Motions for class certification must meet the requirements of Rule 23 of the Federal Rules of Civil Procedure. Fed.R.Civ.P. 23. Rule 23 establishes two hurdles for class certification. First, the action must satisfy all four elements of Rule 23(a): numerosity, commonality, typicality, and adequacy of representation. Second, the proposed class must satisfy at least one of the three provisions of Rule 23(b). See Amchem Prods., Inc. v. Windsor, 521 U.S. 591, 614, 117 S.Ct. 2231, 138 L.Ed.2d 689 (1997). Plaintiffs seek certification under Rule 23(b)(3), which requires them to demonstrate that common questions of law or fact predominate over any questions affecting only individual class members and that a class action is a superior method of adjudicating the controversy. The party seeking class certification bears the burden of demonstrating that the requirements of Rule 23 are met. Retired Chicago Police Ass’n v. City of Chicago, 7 F.3d 584, 596 (7th Cir.1993).

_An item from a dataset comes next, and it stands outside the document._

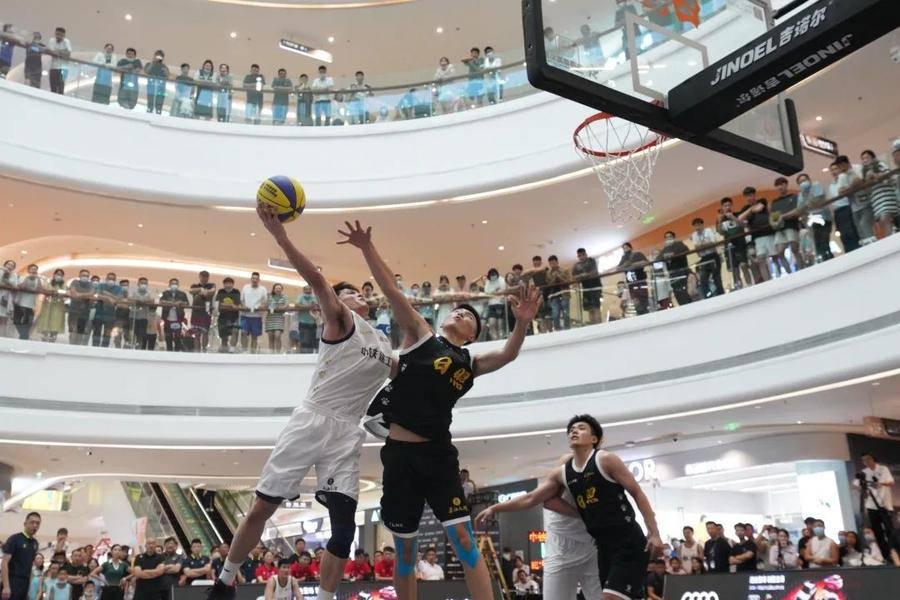 2022山东省男子三人篮球联赛日照·山外站开赛(11)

For purposes of a motion to certify a class, the court does not reach the merits of the complaint. See Eisen v. Carlisle & Jacquelin, 417 U.S. 156, 178, 94 S.Ct. 2140, 40 L.Ed.2d 732 (1974) (“In determining the propriety of a class action, the question is not whether the plaintiff or plaintiffs have stated a cause of action or will prevail on the merits, but rather whether the requirements of Rule 23 are met.”). But the Seventh Circuit has instructed district courts to make “whatever factual and legal inquiries are necessary under Rule 23.” Szabo v. Bridgeport Mach., Inc., 249 F.3d 672, 676 (7th Cir.2001).

A. Rule 23(a) Requirements

1. Numerosity

Rule 23(a)(1) — the numerosity prong — requires that the class must be “so numerous that joinder of all members is impracticable.” Fed.R.Civ.P. 23(a)(1). A court must rely on simple common sense when determining whether a class size meets the numerosity requirement. See Redmon v. Uncle Julio’s of Ill., Inc., 249 F.R.D. 290, 294 (N.D.Ill.2008). Generally speaking, when the putative class consists of more than 40 members, numerosity is met, but there is nothing magical about that number. See Ingram v. Corporate Receivables, Inc., No. 02 C 6608, 2003 WL 21982152, at *2 (N.D.Ill. August 19, 2003) (citing Swanson v. American Consumer Indus., 415 F.2d 1326, 1333 n. 9 (7th Cir.1969)); Lucas v. GC Serv.’s L.P., 226 F.R.D. 337, 340 (N.D.Ind.2005).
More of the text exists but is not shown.